Canine Concepts,Pittsburgh,dog training,obedience,dog trainer,freestyle,rally
Barb Levenson Dog Training - Pennhills, PA- Barb Levenson Dog Training Centers - Penn Hills, PA - Home Page
Obedience Tracking Agility Dog Training Club


----------



## hunter211 (Jun 22, 2010)

Thank You!!!


----------



## Gsdldy (May 7, 2010)

Also Bushyrun kennel club in Irwin, they do training classes as well as akc events. Mountaineer kennel club closer to Uniontown, not sure where exactly you are located, this is the one I'm a member of and train with. 

Also Westmoreland county obediance training club
http://www.wcotc-dogs.com/

Theres another one, but I cant remember the name, a friend of mine trains with them. She say's they are really good and fun to work with. I will get their name and info off her for you.
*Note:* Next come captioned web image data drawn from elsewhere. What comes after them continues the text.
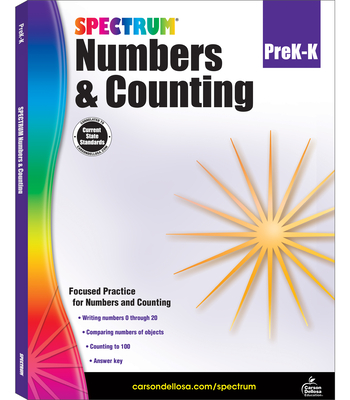 Numbers & Counting, Grades Pk - K: Volume 111 - Spectrum (Compiled by), and Carson Dellosa Education (Compiled by)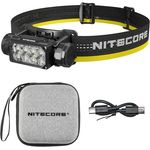 Nitecore HC65 UHE, Stirnlampe mit 2000 Lumen, 3 Lichtquellen, USB-C Ladegerät, IP68 wasserdicht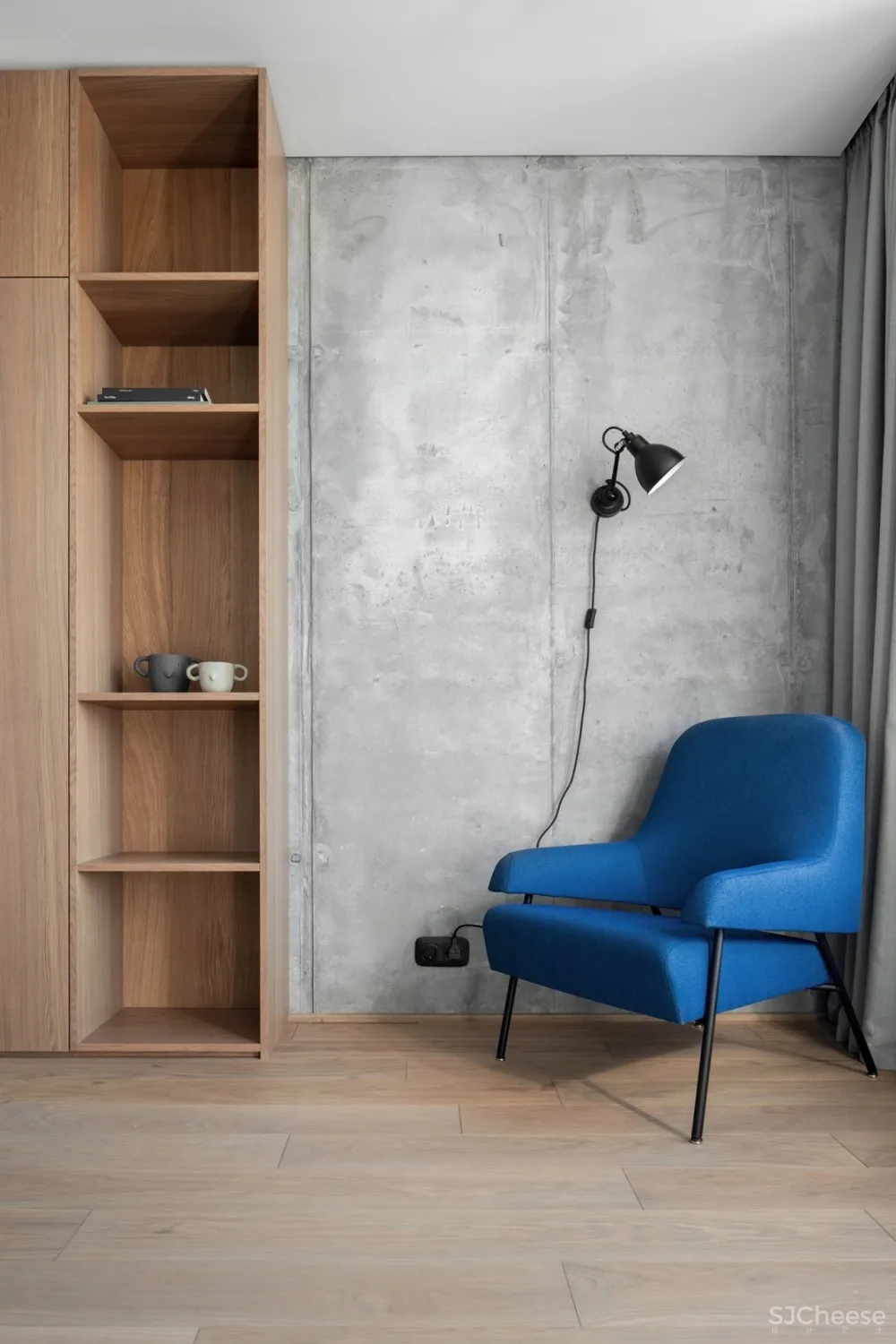 99㎡四居室,夫妻企业家,一人一间办公室!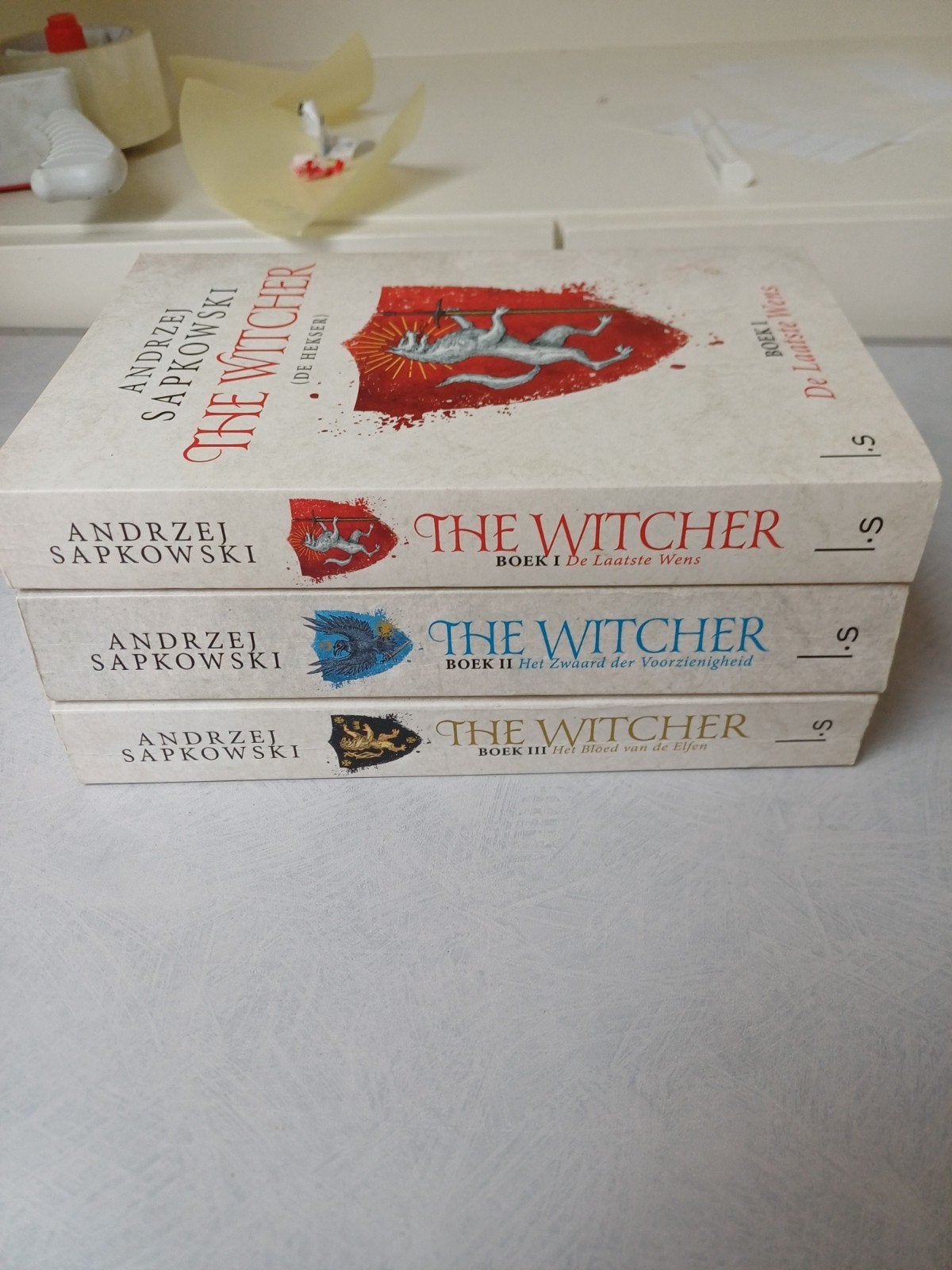 The witcher 1 tm 3, Boeken, Ophalen of Verzenden, Gelezen, Andrzej Sapkowski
I dont know this one but i have seen them advertised
Professional All Breed Dog Training and Grooming Services,basic and advanced obeidence training,puppy development,behavior modification,on and off leash programs,consultations, p,>


----------



## hunter211 (Jun 22, 2010)

Thank you i really appreciate ate, im from pittsburgh


----------



## DangerousBeauty (Jul 8, 2010)

FuryanGoddess said:


> Pittsburgh K9 Dog Training - Obedience, Puppy classes, dog trainer
> 
> Not sure how good they are. Video's are nice. Dogs seemed well trained.
> 
> ...


Pittsburgh K9 is where my sister got my dog. She says that Ed Fields is very good. I have only talked to him once or twice.


----------



## wjk2466 (Feb 22, 2018)

i know this post is from 2010 but after a search i didn't come across much other then older post such as this, thought id try and reach someone. i'm looking for a trainer in Pittsburgh or surrounding areas. i don't want groups, somewhere that trains working dogs as well as basic-advanced obedience. my GSD has the basic obedience fundamentals down i'm looking more for a trainer that trains the handler rather then just the dog. thank you


----------